Caption-style text data:
::::::::

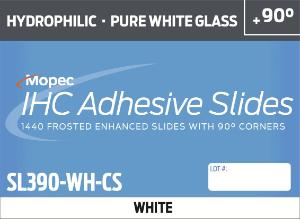 Microscope slides, superwhite glass, hydrophillic, 90 corners, white, case of 1440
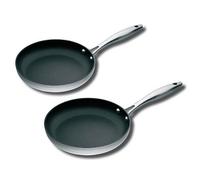 Scanpan - CTX 20cm And 26cm Frying Pans New Boxed Induction Compatible - Black/Silver
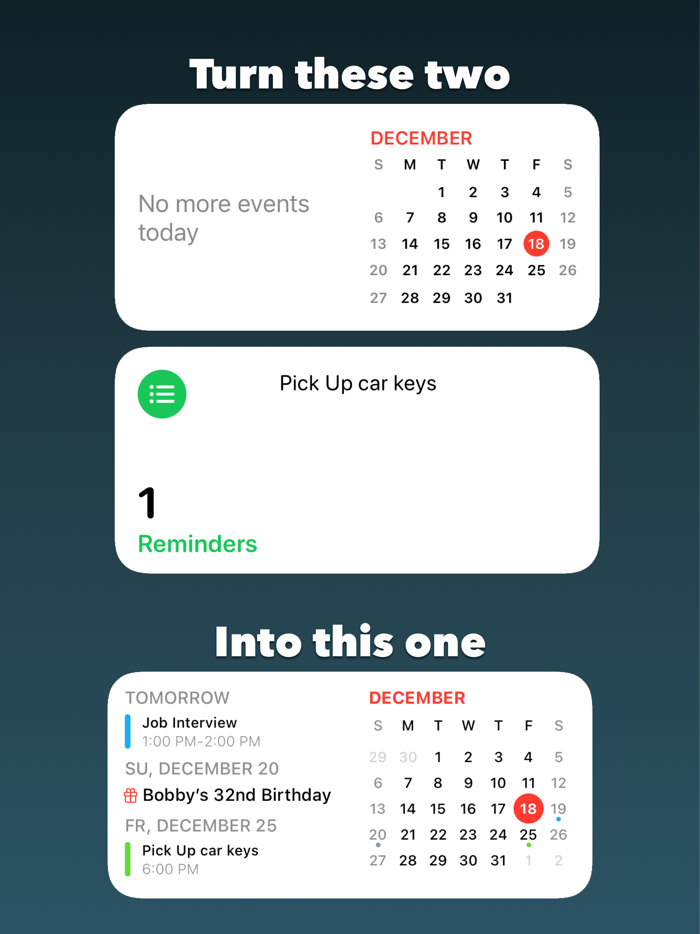 Onward Combined Widgets
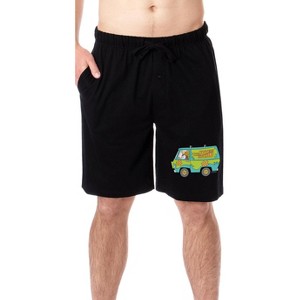 Scooby-Doo Mens' Cartoon The Gang Mystery Machine Sleep Pajama Shorts Black - 1 of 3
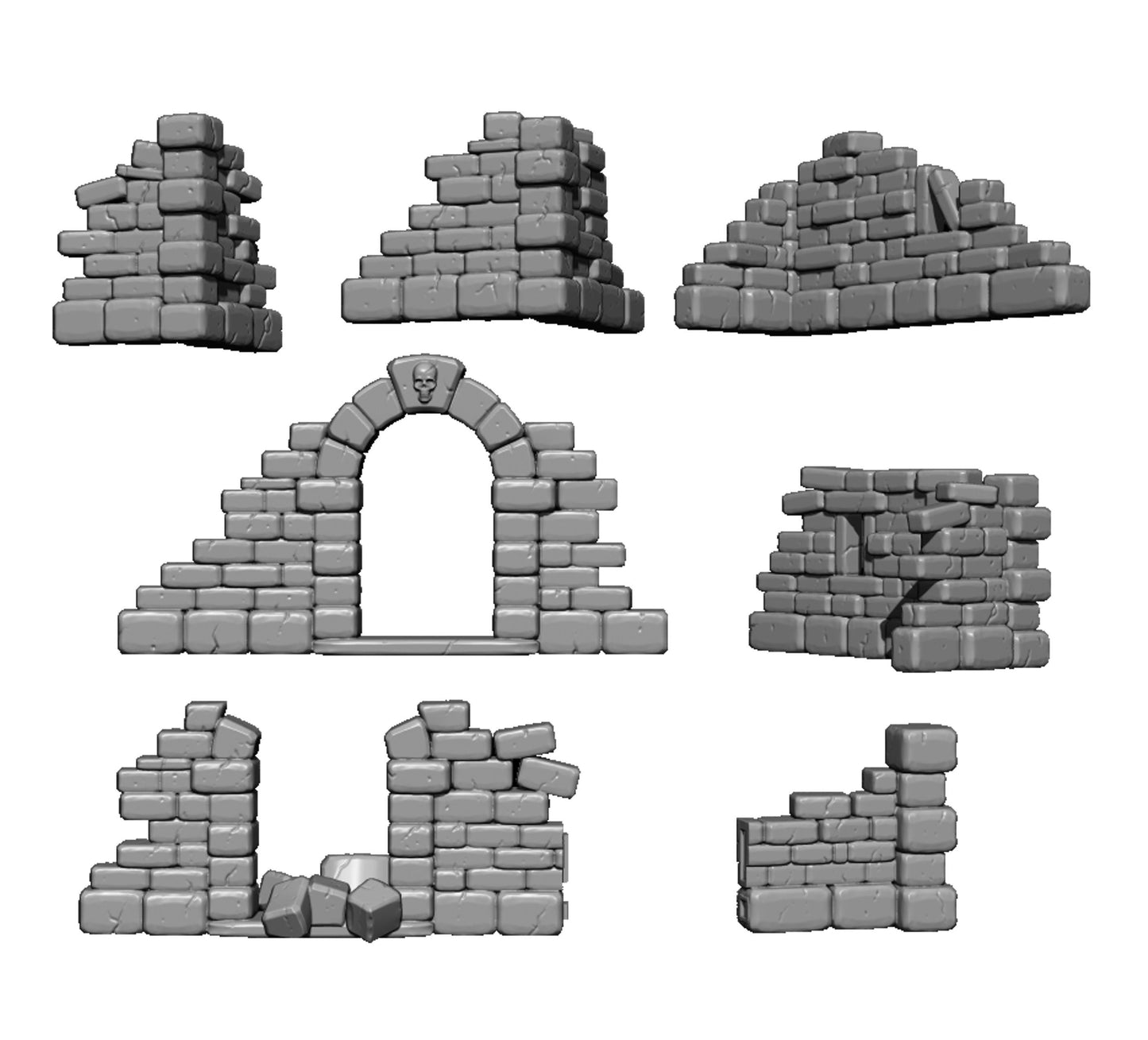 Ruined Walls, Fantasy Skirmish Miniatures by MoM Miniatures, perfect for Fantasy Wargames and RPGs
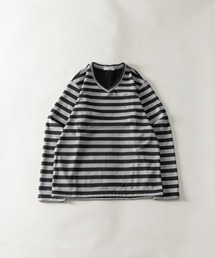 BARCEDOS（バルセドス）の「裏ベロア ボーダー柄 Vネック ロングTシャツ（Tシャツ/カットソー・メンズ）」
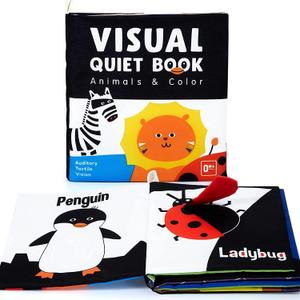 Beiens Soft Baby Books - High Contrast Black & White Touch & Feel Crinkle Cloth Books for Infants & Toddlers, Early Educational Stimulation Toys, Baby Girl & Boy Gift, Animal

::::::::

**The task**
Only the lines from the one with "Scooby-Doo Mens' Cartoon" through the final line of the entries above should be transcribed, exactly and without pictures.

**Task answer**
 Scooby-Doo Mens' Cartoon The Gang Mystery Machine Sleep Pajama Shorts Black - 1 of 3
 Ruined Walls, Fantasy Skirmish Miniatures by MoM Miniatures, perfect for Fantasy Wargames and RPGs
 BARCEDOS（バルセドス）の「裏ベロア ボーダー柄 Vネック ロングTシャツ（Tシャツ/カットソー・メンズ）」
 Beiens Soft Baby Books - High Contrast Black & White Touch & Feel Crinkle Cloth Books for Infants & Toddlers, Early Educational Stimulation Toys, Baby Girl & Boy Gift, Animal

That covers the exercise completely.